Vir Biotechnology and GlaxoSmithKline dosed the first patient last week in a Phase II/III clinical trial of VIR-7831, a fully human monoclonal antibody against COVID-19. The trial is evaluating the therapy as early treatment for COVID-19 patients at high risk of hospitalization.
They now join a number of other companies, including Regeneron Pharmaceuticals, in testing monoclonal antibodies against COVID-19. Regeneron, with the U.S. National Institute of Allergy and Infectious Diseases (NIAID), launched their Phase III trial of REGN-COV2, a two-antibody cocktail against SARS-CoV-2, in late July.
This is different than the convalescent plasma treatment that recently received Emergency Use Authorization (EUA) from the U.S. Food and Drug Administration. Convalescent plasma antibody therapy takes blood plasma collected from patients who have recovered from COVID-19, using their antibodies against the virus as treatment.
In monoclonal antibody therapy, companies isolate antibodies from immune cells and screen them for their affinity for the SARS-CoV-2 virus and concentrate them into a therapeutic. Although not a vaccine, they are believed to offer a potential resistance and effectiveness against infections for a limited period of time, perhaps up to three months.

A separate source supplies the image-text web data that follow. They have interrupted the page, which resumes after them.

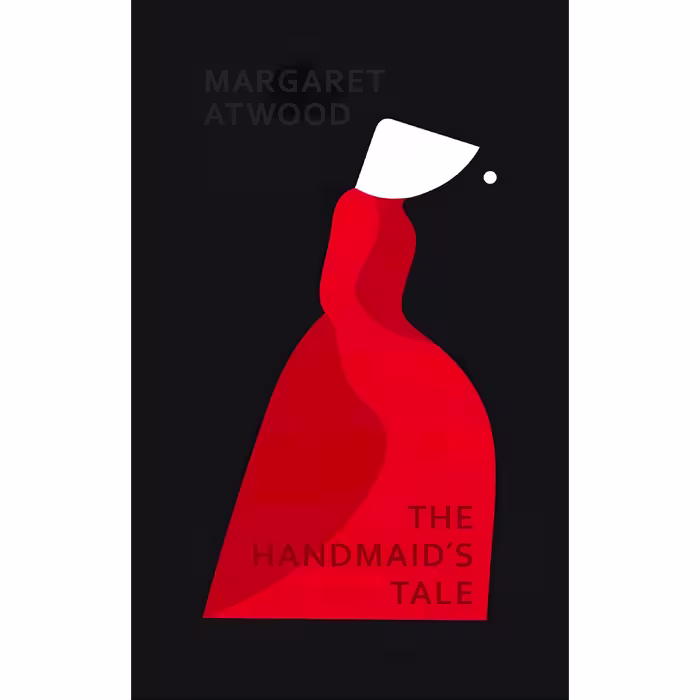 کتاب زبان اصلی Handmaids Tale اثر Margaret Atwood انتشارات Random House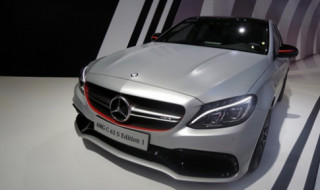  Mercedes C63 S AMG Edition 1 giá 4,6 tỷ đồng tại Việt Nam 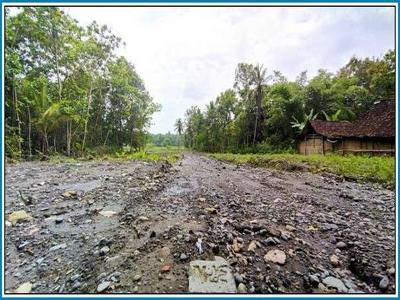 Jual Tanah Dekat Tol Sentolo Jogja, Siap AJB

The Vir-GSK COMET-ICE study plans to enroll about 1,300 patients globally who have early symptoms of infection. The goal is to evaluate VIR-7831, a single-dose monoclonal antibody, to see if it can prevent hospitalization from the disease. They expect results before the end of the year with complete data in the first quarter of 2021, and possibly early access to treatment in the first half of 2021.
“Treating those with early COVID-19 disease so that it doesn’t become worse is critical both for the patients and for society,” said George Scangos, chief executive officer of Vir. “Hospital systems are overwhelmed worldwide, with new infections continuing to strain already limited resources. This study is designed to demonstrate whether VIR-7831 can significantly reduce the need for hospitalization in high-risk individuals, such as the elderly or those with pre-existing conditions such as lung or heart disease.”
Preclinical studies with VIR-7831 show affinity for the SARS-CoV-2 spike (S) protein and demonstrated high potency in neutralizing the virus. This at least suggests a high barrier to resistance and an ability the recruit immune cells to kill already infected cells. The antibody has also been designed to improve the antibody’s availability to the lungs.
COMET-ICE has two parts. The first will act as the first-in-human evaluation for safety and dosing. It will test the safety and tolerability of a single 500mg intravenous (IV) infusion of VIR-7831 compared to placebo over a 14-day period in non-hospitalized patients. It hopes to recruit 20 patients across the U.S.
After the first part is completed, the Expansion phase will determine whether it reduces the need for hospitalization. It will test the safety and efficacy of a single IV infusion of VIR-7831 or placebo in about 1,300 non-hospitalized patients around the world. The primary efficacy endpoint is percentage of patients with mild or moderate COVID-19 who worsen, as defined as the need for hospitalization or death, within 29 days of randomization.
The COMET clinical development program has two more planned trials, one for severely ill hospitalized patients and another for prophylaxis of symptomatic infection.
The companies also have another potential antibody, VIR-7832, which is similar to VIR-7831, but might act as a therapeutic or potentially prophylactic T-cell vaccine.
“Monoclonal antibodies directed against the SARS-CoV-2 virus could provide an effective and immediate immune response to COVID-19, bypassing the need for our body to produce its own antibodies, which is particularly important in the absence of an effective vaccine,” said Hal Barron, chief scientific officer and president R&D, for GSK. “This study will assess the ability of VIR-7831 to prevent high-risk individuals from progressing to severe disease, and in future studies we will also test the antibody’s ability to prevent infection in high-risk patients and to reduce disease severity in patients who are already hospitalized.”